Scouts Guide To The Zombie Apocalypse (a project which started afterlife as Scouts Vs Zombies back in 2010 and might have had some currency back then) is actually pretty funny in places, though it does descend too often into the needlessly puerile with its monotonously sex-obsessed young heroes groping zombie boobs and ogling zombie strippers. It feels rather like the frenzied wish-fulfilment fantasies of a 14-year-old dweeb who likes girls and zombies and really wants to see them in the same movie together - that's why there's a superhot shotgun-wielding kickass stripper (cocktail waitress) in there. The film isn't actually scary (though neither was Shaun Of The Dead) but it does have a surprisingly high level of gore and sexual material that feels very much at odds with the lenient 15 certificate, including a penis joke that is quite literally extended beyond breaking point, and a weed-whacker sequence that's referencing the wonderful Brain Dead's lawnmower scene - presumably they felt the comedic edge made it acceptable at the lower category whereas a serious film of that level would score an 18.
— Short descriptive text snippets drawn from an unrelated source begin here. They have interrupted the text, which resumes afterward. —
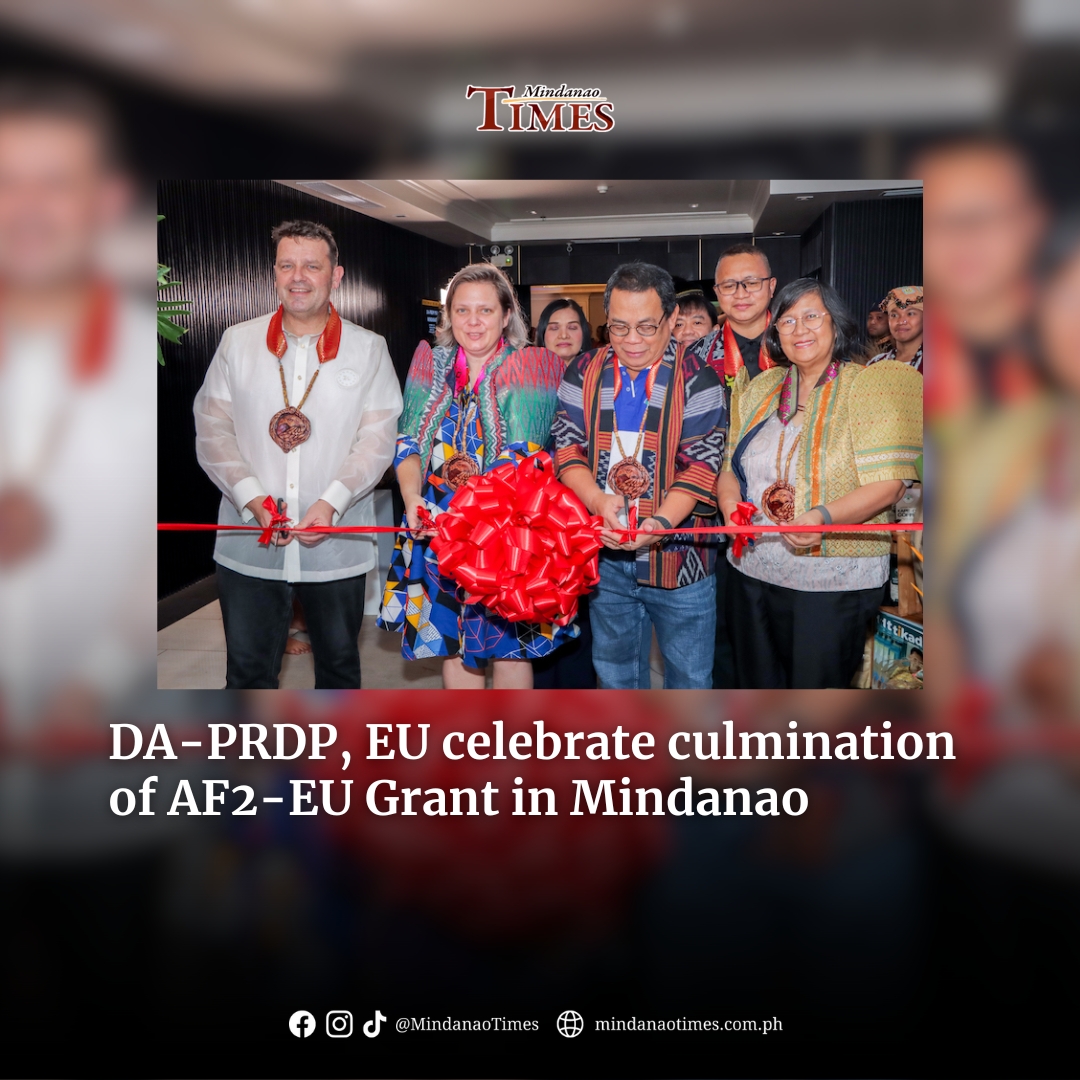 Mindanao - The Department of Agriculture–Philippine Rural Development ...
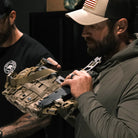 GBRS Modular Chest Rig Custom Loadout with Mounted Pouches and Accessories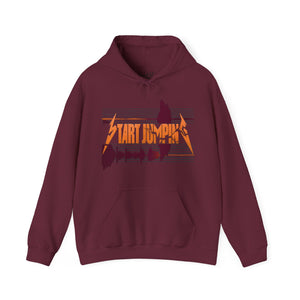 Start Jumping Virginia Tech Football Seismograph Hoodie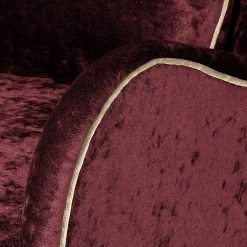 Red Living Ohrensessel Madame Lebon Samtstoff - Weinrot 15 Red Living Ohrensessel Madame Lebon Samtstoff - Weinrot -Wohnzimmermöbel boutique en ligne ohrensessel humphrey samtstoff burgundy 382877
On a technical level it's well shot and well put together, and I chuckled more or less throughout, which for a Boy Scouts zombie comedy should be enough, and is certainly more than some official comedies I've watched in recent years (I'm looking at you, Seth Rogen and Will Ferrell). But part of me wants the zombie movie to be seriously apocalyptic, not goonish Friday night knockabout with Britney Spears references. As goonish Friday night knockabout goes, however, it's more than acceptable.